In Voorheesville, as of Wednesday, masks are optional for all students, staff and visitors to any school buildings or busses, said Superintendent Frank Macri in a statement on the district website.
“Mask wearing will continue to be optional. Students and staff who wear masks may do so without ridicule or criticism. It is vital that we respect one another’s decisions and continue to be cautious about close contact,” he said. “Any person on campus may wear a mask at any time. The Board of Education will be meeting on Monday, March 7. At that meeting, they will discuss and assess the local implications going forward and any needed changes to the tiered mitigation plan.”
Likewise, the Guilderland School District will no longer require masks as of Wedensday.
Although masks will no longer be required in schools effective Wednesday, March 2, it is highly recommended that those who are immunocompromised or at high risk for serious illness continue to wear masks,” said Superintendent Marie Wiles in a statement. “In addition, students and staff always have the option to wear a mask, if they feel more comfortable doing so. We recognize this is a personal choice and expect such decisions will be met with mutual respect by all.”
On Feb. 10, Hochul lifted the mandate for businesses and other indoor public places but kept the mandate in place for schools through the winter break pending an analysis of data when students returned.
According to the governor, the 1,671 seven-day average of new cases as of Friday, Feb. 26 was lower than prior to when the omicron variant took hold at the end of 2021. At its peak on Jan. 7, the seven-day average of new cases was 90,132.
The omicron variant has proven to be more contagious than its predecessor, Delta, and the COVID-19 virus that swept the globe in 2020. But, it was also less lethal and, in most instances, presented less severe symptoms.
Other data Hochul used to justify lifting the mandate was the positivity rate, which on Jan. 2 was 23.2 percent compared to 1.7 percent on Feb. 26. The number hospitalized has also decreased dramatically over the past two months, from a high of 12,671 on Jan. 11 to 1,911 on Feb. 26.
At the same time, the number of those vaccinated continues to increase. As of Feb. 28, more than 95 percent of New Yorkers over 18 years old have received at least the first dose and 85.5 percent are fully vaccinated. Of those 12 to 17 years old, 81.5 percent have gotten at least one shot and 71.4 percent are full vaccinated. Nearly 41 percent of those 5 to 11 years old got the first dose and 33.3 percent are fully vaccinated.
“With more New Yorkers getting vaccinated, and the steady decline over the past several weeks in cases and hospitalizations from Omicron, we are now entering a new phase of the pandemic.

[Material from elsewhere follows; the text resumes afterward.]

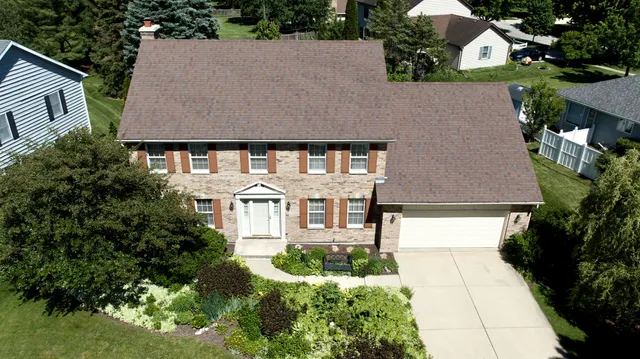 a front view of a house with a yard and potted plants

Because New Yorkers have stepped up, we can confidently remove the statewide mask requirement in our schools,” Hochul said. “This is a huge step forward for our kids and communities and I am grateful to the students, educators and parents for their dedication to keeping us all safe—we’ve reached this milestone because of your hard work.”
Her decision to lift the mask mandate for all public spaces but keep it in place for schools was met with ridicule in come circles — students took masks off when they went home or to a store but were forced to put them on when they went to school — and there are still lawsuits pending.
“We welcome this step toward normalcy. The governor is striking the right balance by empowering local officials to use data to determine if and when the mitigation strategies need to change in their areas,” said New York State United Teachers union President Andy Pallotta. “As the guidance changes, one thing must remain constant: It’s essential that districts work closely with educators to ensure there is confidence in their health and safety plans.”
The mandate remains in place for state regulated health care facilities, adult care facilities and nursing homes as well as correctional facilities, homeless shelters and transportation hubs.